The children attended Chimney Rock school and the oldest three, Margaret, Robert, and Harriet attended Jireh College for their high school.

When Helen and James were ready for high school they couldn't afford to board them out, so they moved to Laramie.

Mrs. Pierce and the children would find a quiet day and go to the field and pile tumbleweeds and thistle and burn them so the field could be plowed and seeded.

Mr. Pierce bought a tractor. It took him some time to get it started. One time when he pulled the flywheel it kicked and broke his arm. Not many crops were put in that year, as he had to go back to his horses.

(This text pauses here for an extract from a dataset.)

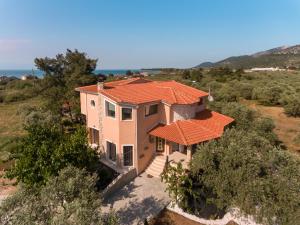an aerial view of a house with an orange roof at Fokas Luxury Villa in Prinos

Mr. Pierce was one that couldn't make machinery work very well.   He bought a car from John Collins. He went to Keeline once and came back as far as Weavers and it stop­ped on him. He pulled it home with the horses and let it sit.

He raised wheat and rye; when it had been harvested he put sideboards on two wagons and filled them with thrashed grain. He went in the lead with a load for the elevator with Helen and James following with the second wagon.

James and Helen had pigs in 4-H. James' was a Red Hampshire, a bacon hog and Helen's was a pork hog. Hers had a white spot in the
wrong place.  Many parents had bought pure­ bred weaner pigs for their child and many disagreed with the judges winners.

Mrs. Pierce had arthritis quite bad and they wanted more schooling for their children so they left and went to Laramie in 1920.

This homestead is part of the Larry Eddy Ranch today.